In this case, the uncontroverted fact is that spouses Jurado made extrajudicial demands upon Solid
Homes to replace the property through letters dated October 23, 1992 and August 7, 1996, and
then filed the complaint in 2000. Resultantly, when Spouses Jurado re-filed their complaint in
2005, their cause of action had not yet prescribed.
Neither do we find spouses Jurado guilty of laches as to deprive them of the remedy provided
under the law.
Laches is defined as the failure or neglect, for an unreasonable and unexplained length of time, to
do that which by the exercise of due diligence could or should have been done earlier. Its elements
are:
(1) conduct on the part of the defendant, or of one under whom the defendant claims,
giving rise to the situation which the complaint seeks a remedy; (2) delay in asserting the
complainant[']s rights, the complainant having had knowledge or notice of the
defendant[']s conduct as having been afforded an opportunity to institute a suit; (3) lack of
knowledge or notice on the part of the defendant that the complainant would assert the
right in which the defendant bases the suit; and (4) injury or prejudice to the defendant in
the event relief is accorded to the complainant, or the suit is not held barred.
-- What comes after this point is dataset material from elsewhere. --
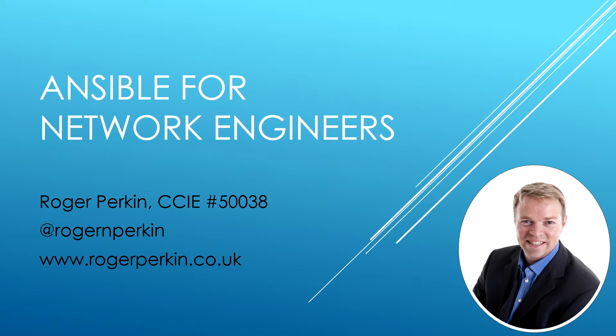Hello, my name is Roger Perkin and welcome to my course on Ansible for Network Engineers. Join me as I take you through the basics of Ansible, what it is and what it can do.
In 1983, when spouses Jurado were made aware that Solid Homes mortgaged the subject
property, which mortgage was eventually foreclosed, the latter made representation that it will
replace the lot. The factual findings of the HLURB, OP, and CA indicate that indeed such was the
case. Relying on this representation, spouses Jurado submitted the required documents to
facilitate the replacement and when no such replacement was forthcoming, they made repeated
extrajudicial demands on Solid Homes until, eventually, they filed a complaint in the HLURB. By
their actions, spouses Jurado could not be charged of having stalled in asserting their rights under
the Contract to Sell.
It is further noted that since Solid Homes was factually determined to be the subdivision
developer, the provisions of Presidential Decree No. 957 (P.D. 957), or the Subdivision and
Condominium Buyer's Protective Decree, as amended, should apply. With respect to mortgages
over existing subdivision projects, Section 18 of P.D. 957 provides:
SEC. 18.  Mortgages. — No mortgage on any unit or lot shall be made by the owner or
developer without prior written approval of the Authority. Such approval shall not be
granted unless it is shown that the proceeds of the mortgage loan shall be used for the
development of the condominium or subdivision project and effective measures have
been provided to ensure such utilization. The loan value of each lot or unit covered by the
mortgage shall be determined and the buyer thereof, if any, shall be notified before the
release of the loan. The buyer may, at his option, pay his installment for the lot or unit
directly to the mortgagee who shall apply the payments to the corresponding mortgage
indebtedness secured by the particular lot or unit being paid for, with a view to enabling
said buyer to obtain title over the lot or unit promptly after full payment thereto;
In Philippine Bank of Communications v. Pridisons Realty Corporation,  the Court held that the
failure to secure the HLURB's approval results in the nullity of the mortgage but that, nevertheless,
a contract of indebtedness still exists between the subdivision developer as mortgagor and the
mortgagee. In this case, however, considering the dearth of factual finding as to whether or not
Solid Homes secured the clearance to mortgage before mortgaging the subject property, that
neither of the parties raised this issue in the instant case, and that the parties were factually found
to have instead, agreed on the replacement of the property, compel the Court to refrain from
delving upon the applicability of Section 18 to the instant case. At any rate, the remedies provided
under P.D. 957 are expressly made to be in addition to any and all other rights and remedies that
may be available under existing laws.